Beranjak dari itulah, saya beserta
enam teman saya yang lain yang terdiri dari Nita, Anna, Fikri, Khapsoh dan Mila
akhirnya berinisiatif untuk membentuk kelompok belajar. Kelompok belajar ini
bermula dari keinginan Fikri yang ingin memperlancar bahasa Inggris namun
sayangnya ia tidak menemukan tempat kursus yang gratis. (Ya iyalah, hare gene…)
Alhasil ia pun mengirimkan sms pada kita berlima yang isinya adalah ajakan
untuk membentuk kelompok belajar. Alhamdulillah… responnya positif!

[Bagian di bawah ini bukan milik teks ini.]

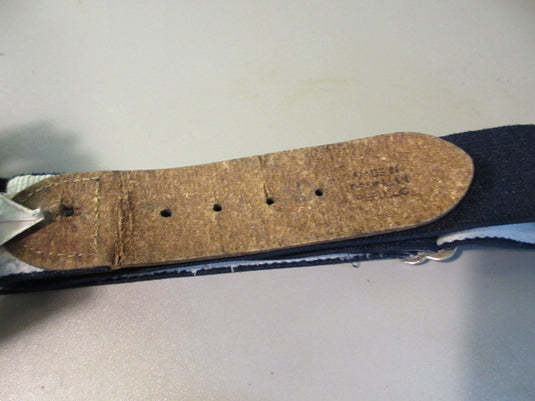 Used Navy Baseball Belt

Perlu diingat, kita enggak membatasi
lho siapa-siapa aja yang ingin gabung dalam kelompok belajar ini. Kita juga
enggak milih-milih temen lho siapa-siapa aja yang mau berpartisipasi dalam
kelompok belajar. Masa sih orang ingin mencari ilmu dilarang? Justru kita yang
dosa kalau kita melarang orang untuk belajar. Jadi kalau ada orang lain yang
ingin gabung, silakan. Hanya saja… kita berenam sudah merasa ‘cocok’ terlebih
dahulu. Apa ya istilahnya?? Istilahnya itu… kita berenam udah dapet kemistri
dan punya tujuan yang sama!
Saya pernah nulis status di facebook
deh kalo enggak salah. Isinya itu, “Kita boleh saja memiliki 1000 orang teman,
namun kita belum tentu bisa nyambung dengan ke-1000 orang tersebut. Makanya ada
istilah teman yang akrab dan teman yang kurang akrab.”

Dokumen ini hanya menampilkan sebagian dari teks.